Thursday, October 21, 2010

South of the Border DVD

DVD Review by Kam Williams

Headline: Oliver Stone DVD Examines Rise of Socialism in Latin America

If you’ve read “Confessions of an Economic Hitman” by John Perkins, then you are well aware of the lengths to which CIA and other agents operating on behalf of the U.S. government and Fortune 500 corporations have gone to install puppets as heads of state in countries all across Latin America. But those still in the dark about America’s role in countless coups around the region, might feel enlightened by South of the Border, as informative a history lesson as anybody could hope for.
This damning documentary was directed by three-time Oscar-winner Oliver Stone (for Platoon, Midnight Express and Born on the Fourth of July), a man who has never been afraid to tackle controversial aspects of presidential politics in thought-provoking fashion, whether JFK, Nixon or W. What makes this piece unique is its documentary format, as the aforementioned entries were docudramas, criticized by some for indulging in speculation and paranoid conspiracy theories.
Here, Stone sticks to the facts, and makes it quite clear where his loyalties lie, namely, with Chavez in Venezuela, with Castro in Cuba, with Morales in Bolivia and with other South American leaders of populist movements. Why? Because he ostensibly admires how these freedom fighters have managed to break the cycle of exploitation of their countries’ people and natural resources for the benefit of Western nations.
Over the course of the film, Stone not only narrates, but interviews seven democratically-elected presidents in order to highlight how they ascended to power as a consequence of a mandate from the majority.
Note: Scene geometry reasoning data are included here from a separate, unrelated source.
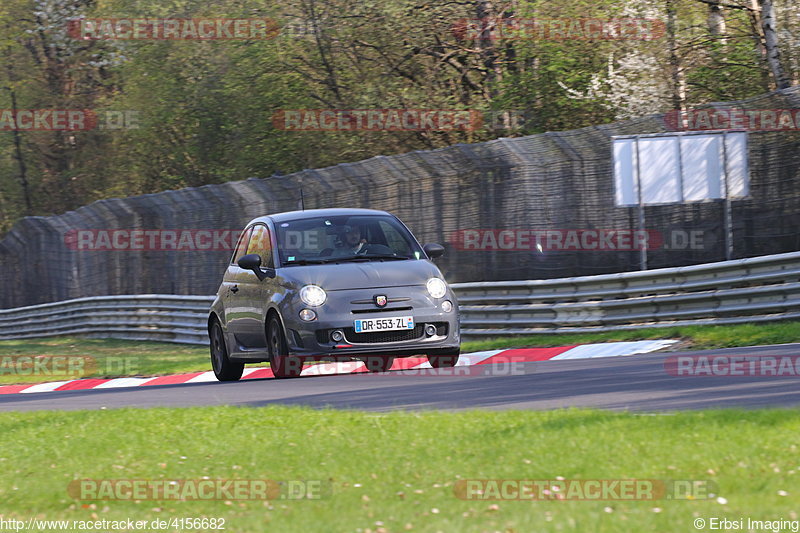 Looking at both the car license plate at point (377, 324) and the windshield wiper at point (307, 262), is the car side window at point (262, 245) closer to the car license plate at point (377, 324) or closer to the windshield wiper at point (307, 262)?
the windshield wiper at point (307, 262)

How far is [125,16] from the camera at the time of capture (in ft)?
125

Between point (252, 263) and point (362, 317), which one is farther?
point (252, 263)

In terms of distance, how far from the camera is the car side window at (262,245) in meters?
13.6

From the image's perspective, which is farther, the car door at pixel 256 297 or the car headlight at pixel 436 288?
the car door at pixel 256 297

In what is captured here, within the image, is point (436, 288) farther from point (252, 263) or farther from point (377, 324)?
point (252, 263)

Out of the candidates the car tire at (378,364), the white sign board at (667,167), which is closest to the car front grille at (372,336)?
the car tire at (378,364)

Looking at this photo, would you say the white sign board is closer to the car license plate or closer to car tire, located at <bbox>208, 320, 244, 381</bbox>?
the car license plate

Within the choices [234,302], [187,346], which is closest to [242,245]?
[234,302]

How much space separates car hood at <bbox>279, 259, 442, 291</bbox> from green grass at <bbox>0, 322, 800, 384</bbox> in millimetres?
3248

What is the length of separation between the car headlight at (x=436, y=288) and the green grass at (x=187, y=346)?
3.00 metres

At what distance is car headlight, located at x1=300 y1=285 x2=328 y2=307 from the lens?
40.7 ft

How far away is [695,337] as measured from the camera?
1442 cm

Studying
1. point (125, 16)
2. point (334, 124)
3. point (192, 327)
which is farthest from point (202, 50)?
point (192, 327)

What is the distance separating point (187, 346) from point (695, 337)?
39.6ft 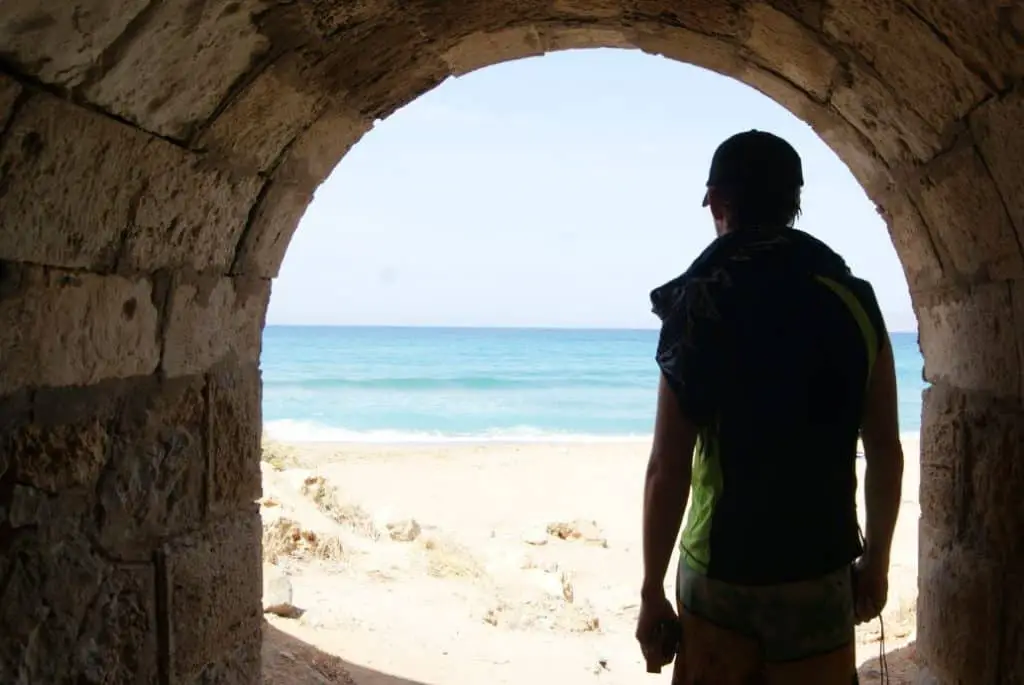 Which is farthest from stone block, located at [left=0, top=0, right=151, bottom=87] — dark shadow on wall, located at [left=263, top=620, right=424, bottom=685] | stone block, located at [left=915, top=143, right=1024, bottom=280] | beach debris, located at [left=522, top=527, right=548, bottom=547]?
beach debris, located at [left=522, top=527, right=548, bottom=547]

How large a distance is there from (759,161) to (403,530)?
229 inches

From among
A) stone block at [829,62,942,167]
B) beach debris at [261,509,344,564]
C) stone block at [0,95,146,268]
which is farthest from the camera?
beach debris at [261,509,344,564]

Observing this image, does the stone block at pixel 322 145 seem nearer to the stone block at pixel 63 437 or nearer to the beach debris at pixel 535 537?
the stone block at pixel 63 437

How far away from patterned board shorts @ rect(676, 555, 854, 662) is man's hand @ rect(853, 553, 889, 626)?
0.15m

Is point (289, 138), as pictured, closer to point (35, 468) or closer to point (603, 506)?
point (35, 468)

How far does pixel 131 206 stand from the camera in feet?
6.08

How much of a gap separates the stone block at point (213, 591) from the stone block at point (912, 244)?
Result: 1991 mm

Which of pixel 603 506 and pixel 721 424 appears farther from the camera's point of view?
pixel 603 506

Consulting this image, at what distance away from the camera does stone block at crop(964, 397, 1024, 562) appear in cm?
195

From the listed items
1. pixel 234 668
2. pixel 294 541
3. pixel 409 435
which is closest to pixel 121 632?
pixel 234 668

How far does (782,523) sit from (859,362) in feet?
1.08

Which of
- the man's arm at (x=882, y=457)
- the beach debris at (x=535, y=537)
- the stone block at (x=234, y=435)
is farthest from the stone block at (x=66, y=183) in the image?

Ad infinitum, he drives home the point that we aren’t dealing with dictators or strongmen as is often suggested by the mainstream media so fond of vilifying these working-class heroes.
An optimistic, cinematic outing of the United states’ predatory exportation of capitalism in a manner which has ravaged the Rainforest while leaving the indigenous peoples of South American burdened by bleak prospects for survival.

Excellent (3.5 stars)
In English, Spanish and Portuguese with subtitles.
Running time: 78 Minutes
Studio: Cinema Libre Studio
DVD Extras: Oliver Stone’s additional questions for Hugo Chávez,behind the scenes at the South American Promotional Tour, deleted scenes, “Changes in Venezuela” (a look at Chávez’s reforms and the impact on the country’s poor), plus two South American TV interviews with Oliver Stone.